:: Dataset section

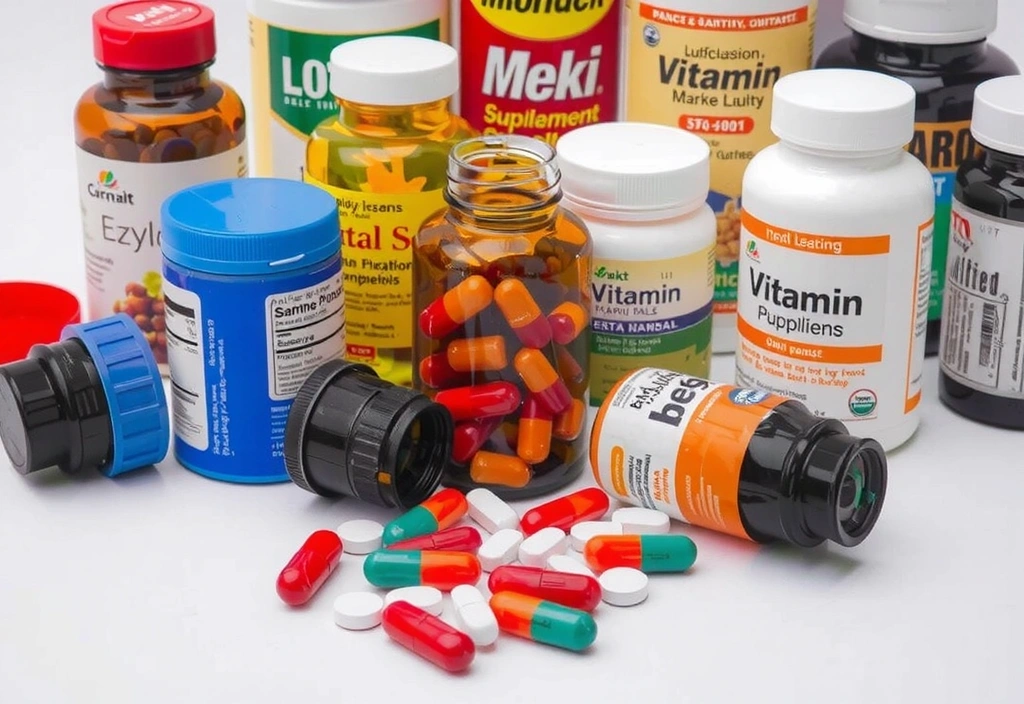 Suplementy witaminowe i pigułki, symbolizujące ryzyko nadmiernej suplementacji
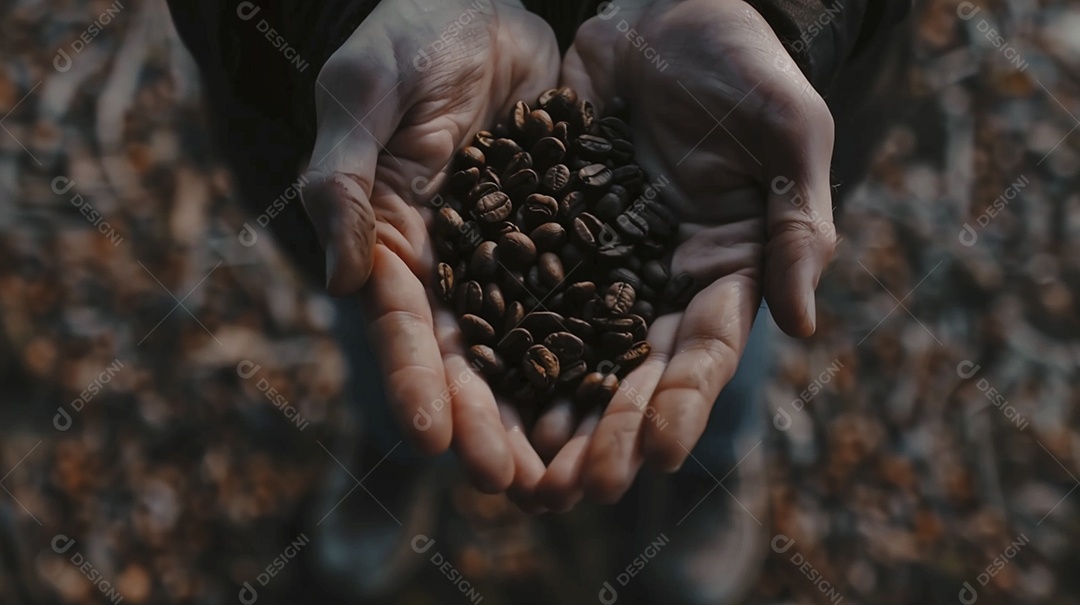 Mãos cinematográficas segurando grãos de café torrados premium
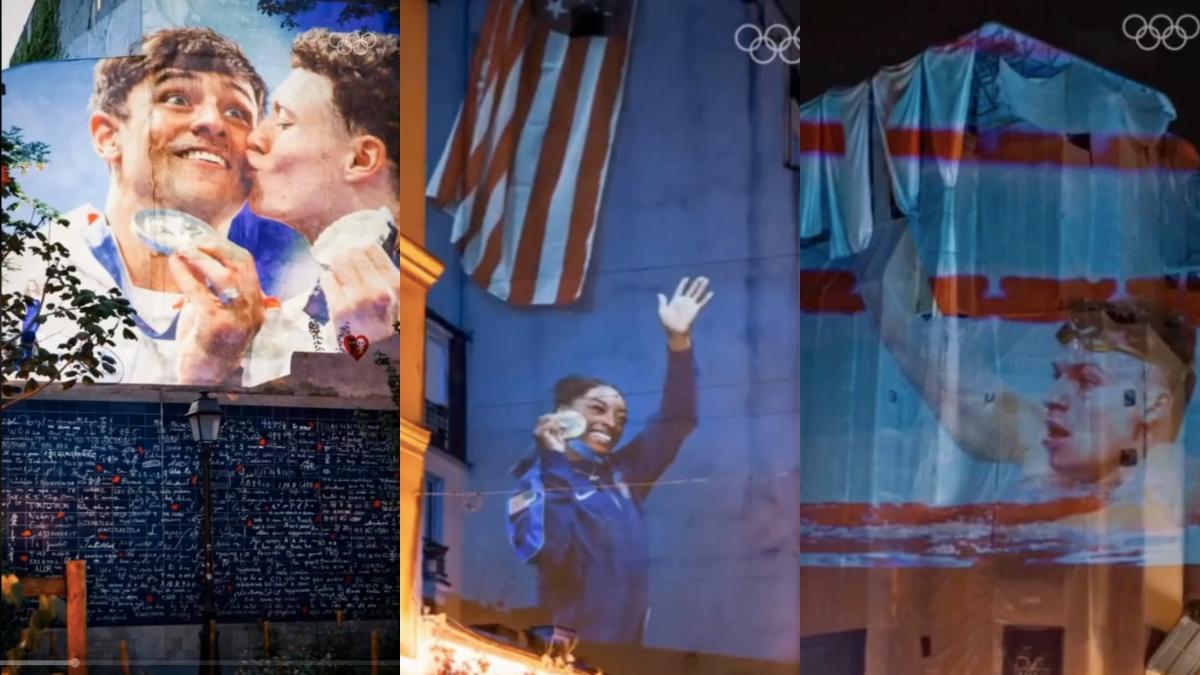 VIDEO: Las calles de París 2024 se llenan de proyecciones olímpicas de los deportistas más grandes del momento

::::

Your task :: Whenever images occur above, omit them and retype each line exactly as it stands.

Solution to the exercise ::
 Suplementy witaminowe i pigułki, symbolizujące ryzyko nadmiernej suplementacji
 Mãos cinematográficas segurando grãos de café torrados premium
 VIDEO: Las calles de París 2024 se llenan de proyecciones olímpicas de los deportistas más grandes del momento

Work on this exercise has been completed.